Results from WP2 - Device Processing

Our goal is the optimization and qualification of GaN-on-Si power device processing on a 6-inch pilot line while targeting on-resistance < 20mΩ for 650V applications. Furthermore, we will develop devices for beyond 2000V applications by optimizing the substrate-removal technique for GaN-on-Si technology as well as achieving novel power devices based on bulk AlN.

From the lab:  

The partner Uni-Padova has demonstrated highly robust and reliable 650V D-mode power devices produced by the partner ONSemi. 
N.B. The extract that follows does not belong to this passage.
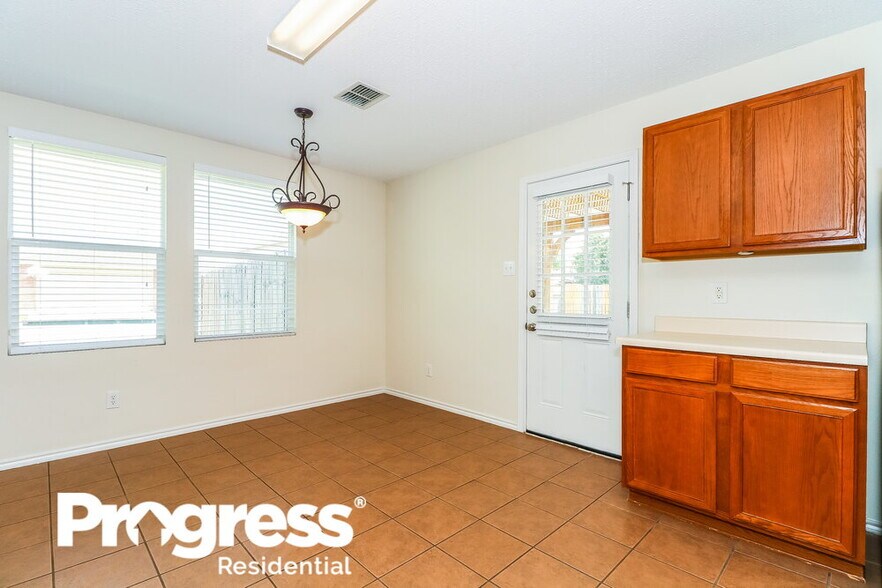 Building Photo - 16528 Woodside Dr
Normally-on GaN-on-silicon power devices produced by the partner OnSemi with negligible dynamic-Ron both at room temperature and high temperature up to 600V have been demonstrated by Uni-Padova. This has been possible by the optimization of the influence of carbon doping on 2DEG concentration that needs to be minimized through proper optimization of the C-doping level. Furthermore, the thickness of the unintentionally-doped GaN channel needs to be properly tuned. Also, leakage through the unintentionally-doped GaN layer must be optimized in order to favor charge-redistribution through the structure (which leads to a complete suppression of dynamic Ron) without reaching an excessive vertical leakage current. 

 

 

The partner CNRS showed lower current collapse in silicon-substrate-removal GaN devices observed subsequently to high bias switching operation
Best in class GaN-on-silicon power devices are currently limited by the buffer thickness in terms of breakdown voltage that cannot typically be grown above 6 to 7 µm, otherwise creating material defects or cracks due to the strain. This results in maximum lateral breakdown voltage below 2 kV. The partner CNRS has successfully developed a local silicon substrate removal technique to achieve state-of-the-art GaN-on-Si HEMTs with three-terminal lateral breakdown voltage of 3 kV. This achievement has been also obtained owing to the implementation of a thick high breakdown field AlN layer within the backside trenches followed by metal deposition to support the heat dissipation.
Finally, the partner CNRS also showed that current collapse characteristics of the substrate removed GaN-based MISHEMTs followed by thick PVD AlN and metal deposition were much lower as compared to reference devices (with silicon substrate).The double-pulsed ID-VG characteristics up to 550 V revealed significantly lower VTH shift and open channel current drop subsequent to high bias switching operation in the case of local silicon removal. These results indicate that in addition to the drastic blocking voltage enhancement, another key benefit provided by the local silicon removal approach is a lower current collapse owing to the removed interface between the AlN nucleation layer and the silicon substrate.